• The Third Man: The One and Only . . .

    By Luc Sante

    The Third Man (1949) is one of that handful of motion pictures (Rashomon, Casablanca, The Searchers) that have become archetypes—not merely a movie that would go on to influence myriad other movies but a construct that would lodge itself deep in the unconscious of an enormous number of people, including people who’ve never even seen the picture. The first time you see it, your experience is dotted with tiny shocks of recognition—lines and scenes and moments whose echoes have already made their way to you from intermediary sources. If you have already seen it, even a dozen or more times, the experience is like hearing a favorite piece of music—you can, as it were, sing along.

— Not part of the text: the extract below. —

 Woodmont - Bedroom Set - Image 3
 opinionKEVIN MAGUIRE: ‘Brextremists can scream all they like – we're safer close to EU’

    It had its origin in a sort of Ultimate Fiction Challenge gambit. “I had paid my last farewell to Harry a week ago, when his coffin was lowered into the frozen February ground, so that it was with incredulity that I saw him pass by, without a sign of recognition, among the host of strangers in the Strand,” Graham Greene had written, without any idea how he would resolve the conundrum. Thus the picture seems to have been destined from the first to be a dizzying mechanical contraption, like a pinball machine.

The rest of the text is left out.